My Personal Journey with ALS

“When people ask me what it’s like to live with ALS, I sometimes say, “I feel like myself … but in someone else’s body…” 

I would say it all started early in 2014 with my left hand, I was dropping things a lot like keys, pencils, “butterfingers” kind of stuff. I didn’t really think anything much of it. 

But in first grade we teach finger spacing where you put two fingers down on a piece of paper for spacing between words and I noticed when I was trying to demonstrate that with my students, I couldn’t put my two fingers together when I put them on the paper.  No matter how hard I tried, I couldn’t put them down together. I thought that was weird, they shouldn’t not go together. 

I went to the doctor, my primary care at first, and he sent me to see a neurologist to see what they say. It was a month until I could get in and at the time I was getting twitching in my fingers and it was only happening in one hand.

They did all these tests and said, “Oh you must have carpal tunnel, and you can do exercise.”  They gave me a brace and some exercises to do and said that should fix it.  I thought, “That’s weird, I don’t feel pain. I’m just dropping things so that doesn’t seem right.”  So, I went back to my primary care doctor and said, “Look, I don’t believe what this doctor is saying, can I get a second opinion?”  

Another month went by and I got into another neurologist. By this time, I couldn’t lift my arm higher than my shoulder and then it started happening to my right fingers too.

When I told the neurologist this and he did another test, he thought I had ulnar nerve in my arm, where the nerve in my funny bone pops out. At the time I was going to the gym a lot, so they thought I just knocked the nerve out at the gym. So, they said I had to have surgery, and they were going to put the nerve back in place and it would be a 6-week recovery. 

I told my class and the parents about it and got a sub to cover for the six weeks. Three days before the surgery, the surgeon called, he wanted to make sure that was really the problem. My right arm was doing the same thing now that my left was.

By now, I couldn’t take the gas cap off, pump gas, or put groceries in the car. I couldn’t really grip anything or raise my arms very high. The surgeon said, “Wait a minute, I don’t think you have ulnar nerve, I think it’s something else.”

On the plus side, I’m glad it was before the surgery. But now it was December/January time frame, 2014-2015, and I still didn’t have any answers. I saw another neurologist and he said, “I think you have ALS, but I can’t diagnose it. But let me send you to this doctor at USF.” 

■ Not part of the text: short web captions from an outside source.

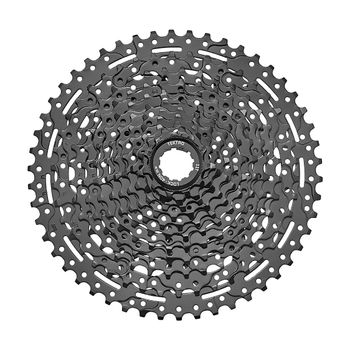 Tektro 11 Speed Cassette 11-50T Black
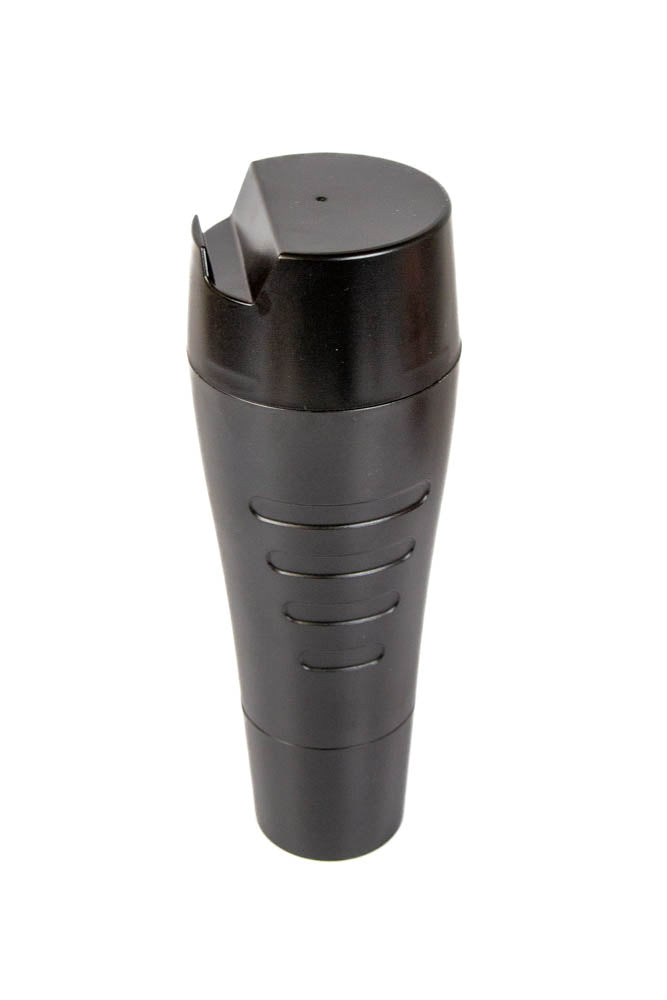 Cousins Group - Jessa Rhodes Pussy Stroker with Hard Case - Beige - Stag Shop
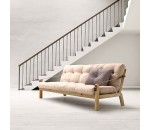 Futon Sofa Beds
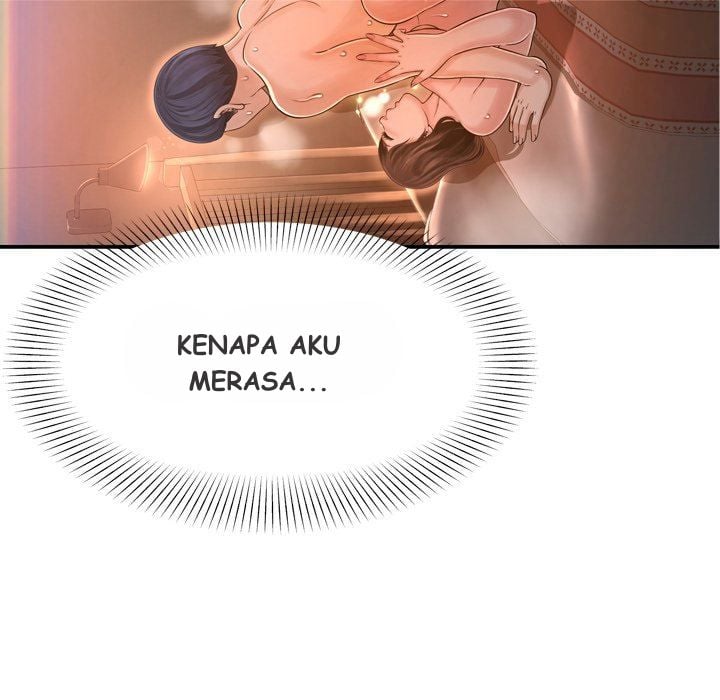 Depths of Hell - Chapter 15 25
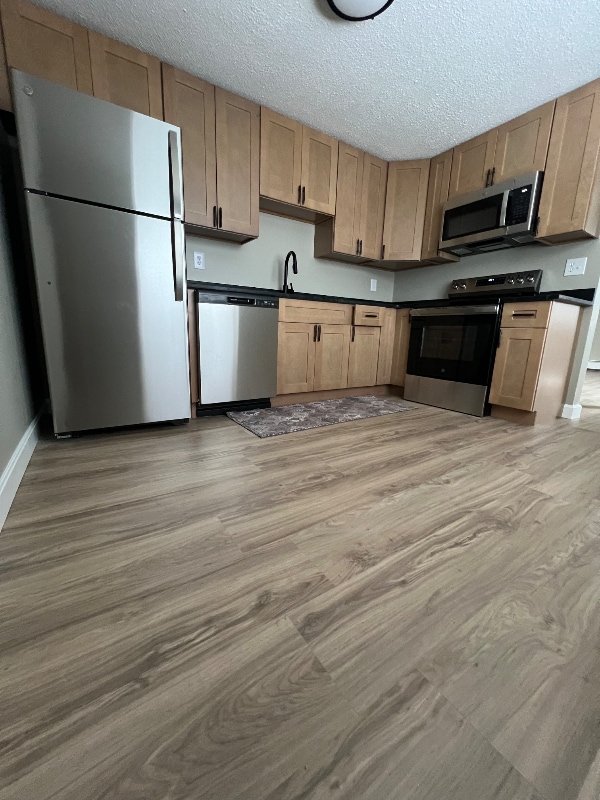 property at 175 Willard St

I didn’t know what ALS was or what that meant so I sat in my car and looked it up. Never Google when your doctor tells you you have something! I was reading all these things and like, oh my gosh. I thought, “Well, you have that a little bit, but no way, this can’t be me, these people are way beyond what I have.” 

I called USF and they got me in the next day. I was 35 and a female, most with ALS I read were over 45 and male. So, I got right in, and they did the tests again. I still had bruises from the last tests. This time they did it on my tongue, cheek, everywhere. Dr. Vu was great, but he said, “I’m not sure if you have it because usually you have at least one other symptom; usually your speech starts to go or something else.” 

I left and thought, “Great, do I have it or not?”  Soon after, I started having more problems. I went back to Dr. Vu and told him I couldn’t do any of the things that I took for granted, like picking up my daughter. Finally, he diagnosed me in May 2015 with ALS. 

Okay, now I have ALS, what can I do about it?

I don’t think I was 100% convinced because I still just had problems with my arms. They went ahead and fitted me for a wheelchair. I thought, “Yeah I’ll go ahead and do that, but I probably won’t need it,” and I’m still teaching at this time.

Come November, I started falling a lot. I would trip on the curb because I couldn’t lift my leg high enough to step up. We have stairs at our school, and I had a hard time going up because I couldn’t grip the handrail, and my legs weren’t going up that high.

I was still driving up until November/December, but I couldn’t fasten my seatbelt, and I couldn’t get my daughter out of her car seat. My friend would pick me up every day and take my daughter and me to school. And then in January/February 2016, I took a leave of absence.

I decided that summer that I would retire. Since I had eight years of teaching in, I was able to get my retirement in disability which was great. Otherwise, I would’ve lost everything. 

I’m glad they let me get the wheelchair even though I was not showing symptoms at the time. I will say I got the chair in August/September 2016. I started having breathing issues in November of 2017 and I couldn’t take a deep breath anymore.

My breathing capacity was 95% when I first started at the ALS clinic and now, I’m only at 8%. I talk a lot to friends all day and that doesn’t help, they say I should save my breath, but that’s just me and the type of person I am and I’m just going to keep talking until I can’t talk anymore.

I’m on a vent 24/7 so I have a little pipe, kind of looks like a straw, and I breathe on it, and it brings air into my lungs. I found out when I talk long, my voice will start fading so I have to take a breath a lot.

I’m at the stage now where from the neck down I’m paralyzed; I can feel everything but I can’t move anything.